> Task to complete: Would you please copy all of the data exactly, skipping the images?

──────── Provided material

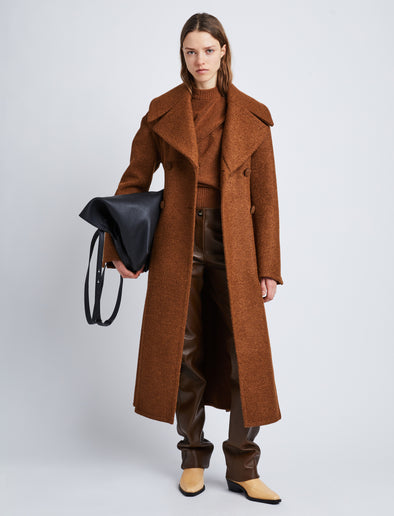 Front full length image of model wearing Double Face Llama Wool Coat in UMBER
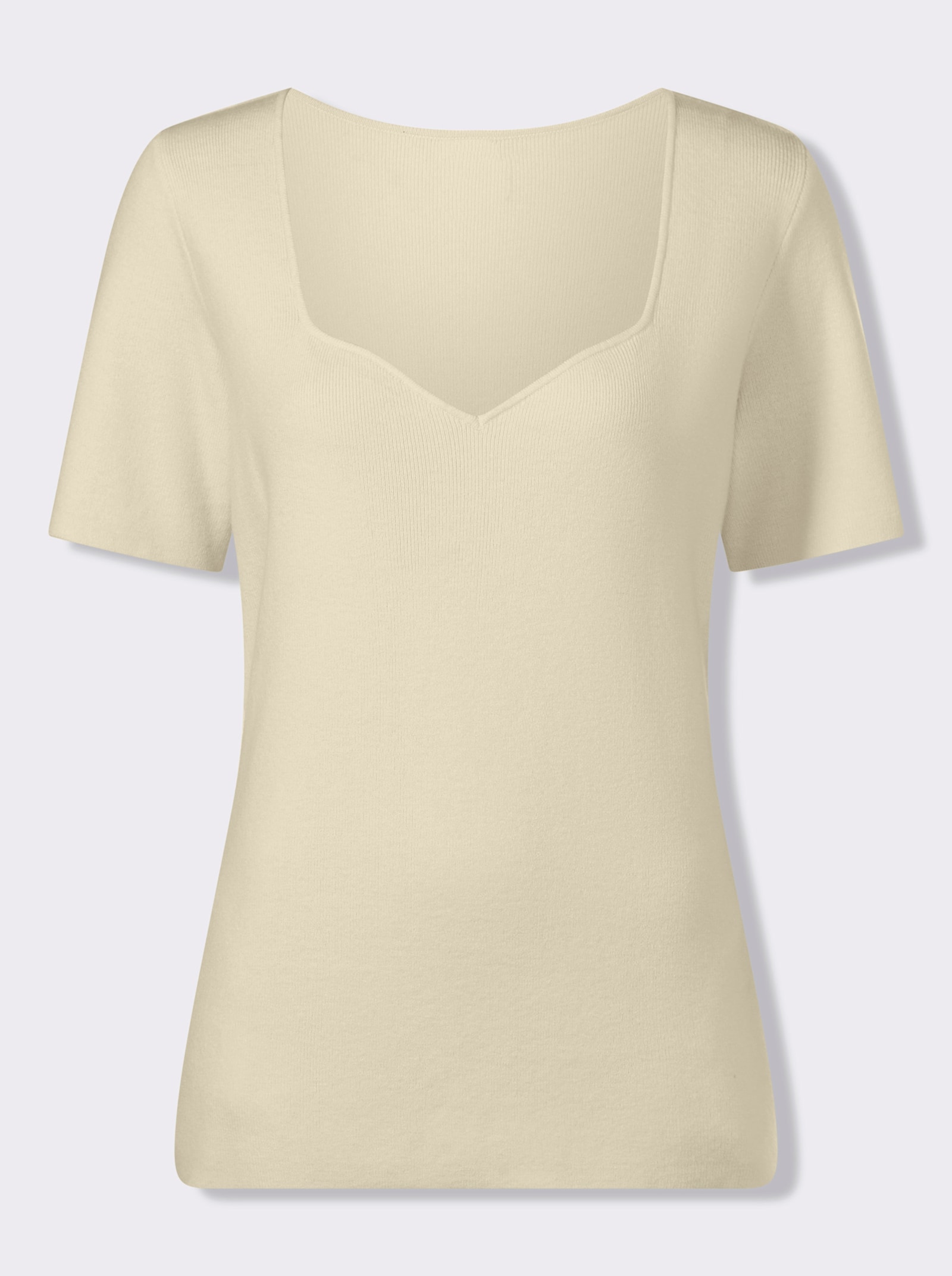 heine Kurzarmpullover mit Herz-Ausschnitt - champagner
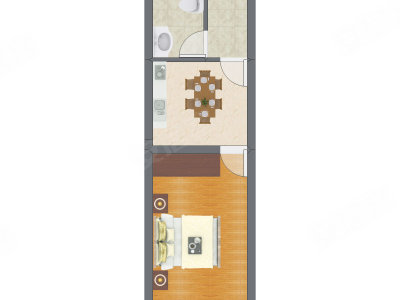 1室1厅 35.14平米户型图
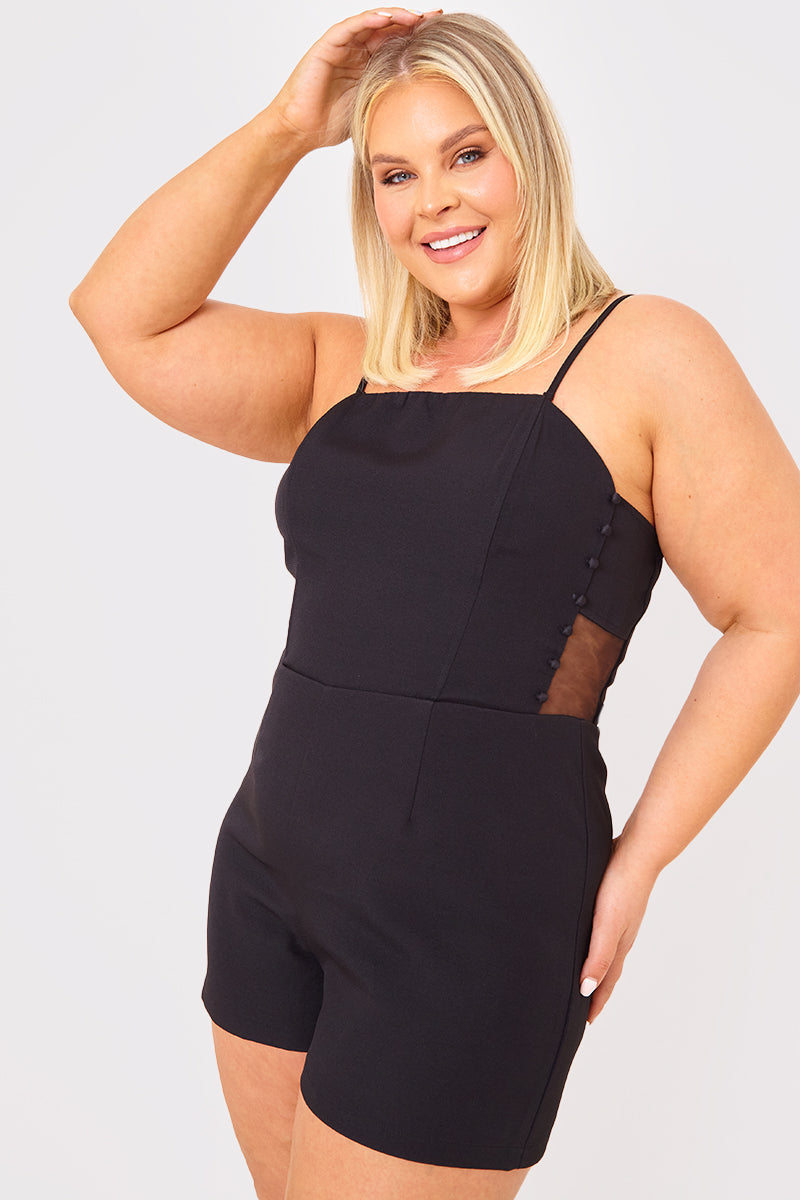 Mesh Insert Button Detail Playsuit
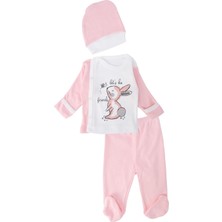 Bebelop Unisex Bebek Tavşan Baskılı Çıtçıtlı Şapkalı Body Zıbın Badi Set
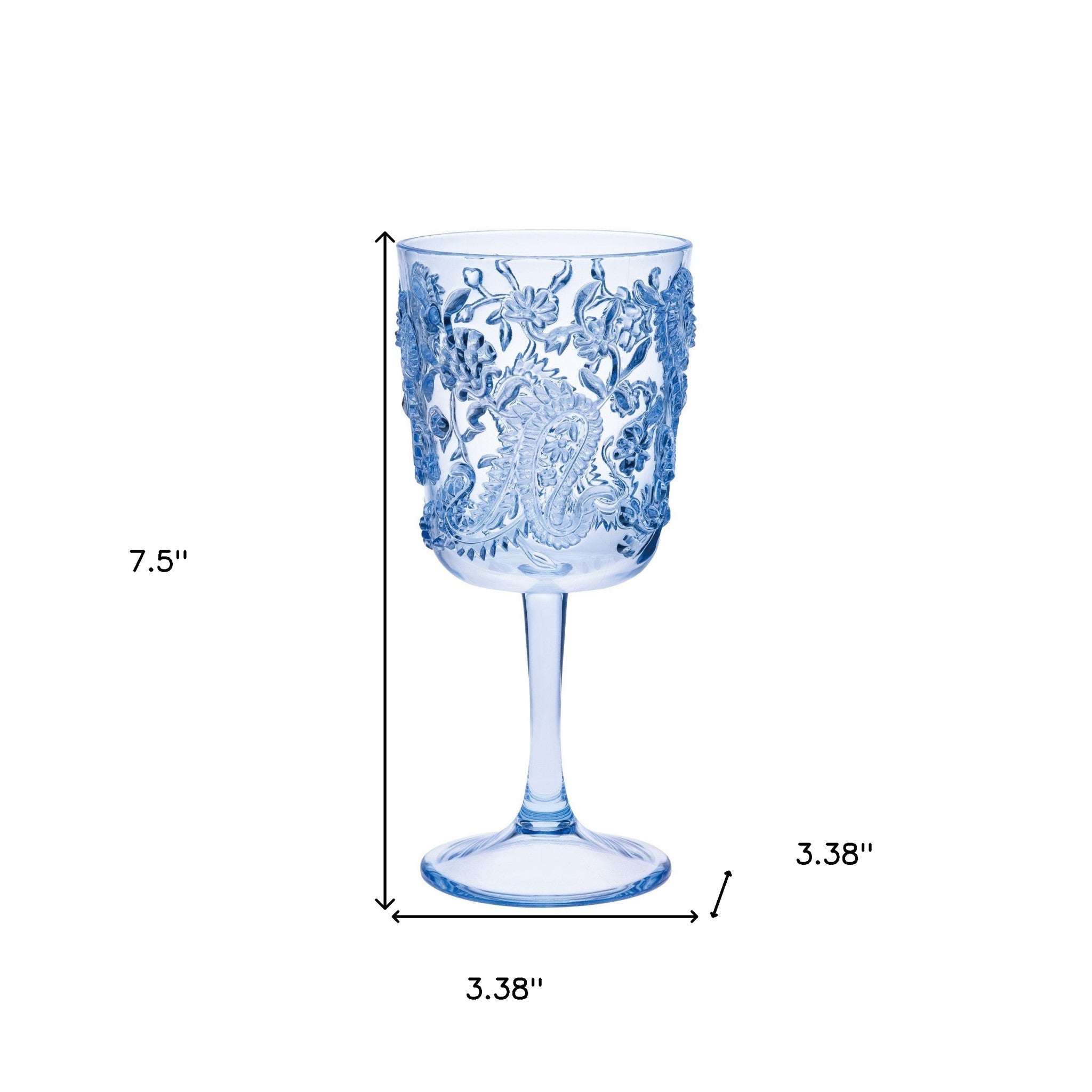 Set of Four Blue Paisley Acrylic Stemmed All Purpose Wine Glass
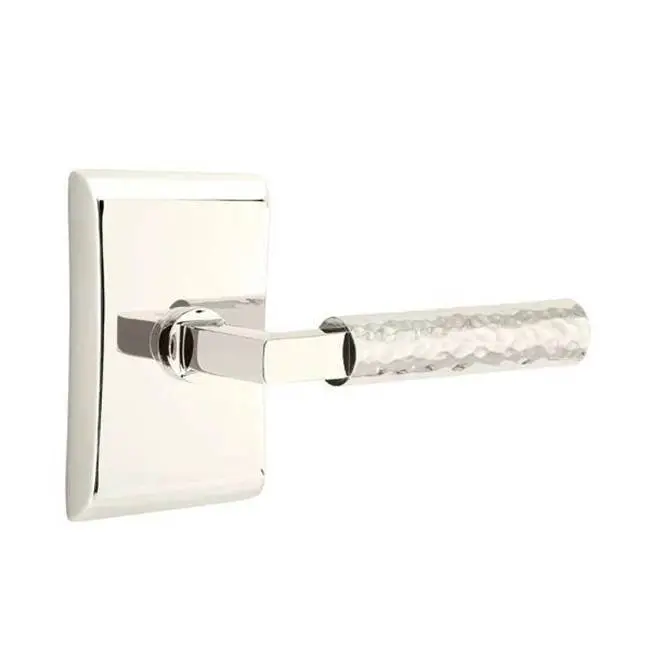 Emtek Select Privacy Interior Mortise w/ Neos Rosette & L-Square Stem, Hammered Lever (RH)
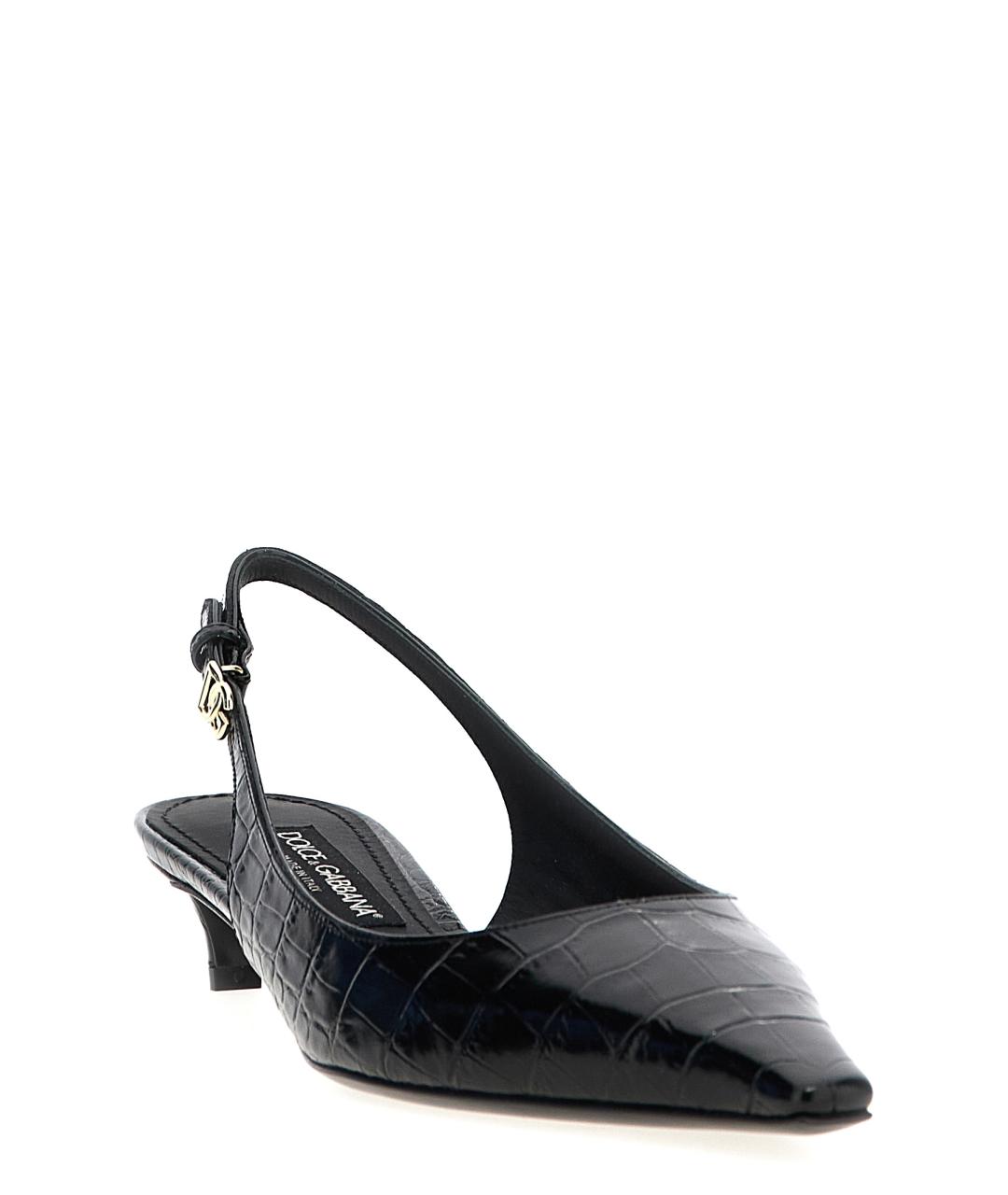 DOLCE&GABBANA Черные кожаные туфли, фото 2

────────────────

> Solution to this problem:
 Front full length image of model wearing Double Face Llama Wool Coat in UMBER
 heine Kurzarmpullover mit Herz-Ausschnitt - champagner
 1室1厅 35.14平米户型图
 Mesh Insert Button Detail Playsuit
 Bebelop Unisex Bebek Tavşan Baskılı Çıtçıtlı Şapkalı Body Zıbın Badi Set
 Set of Four Blue Paisley Acrylic Stemmed All Purpose Wine Glass
 Emtek Select Privacy Interior Mortise w/ Neos Rosette & L-Square Stem, Hammered Lever (RH)
 DOLCE&GABBANA Черные кожаные туфли, фото 2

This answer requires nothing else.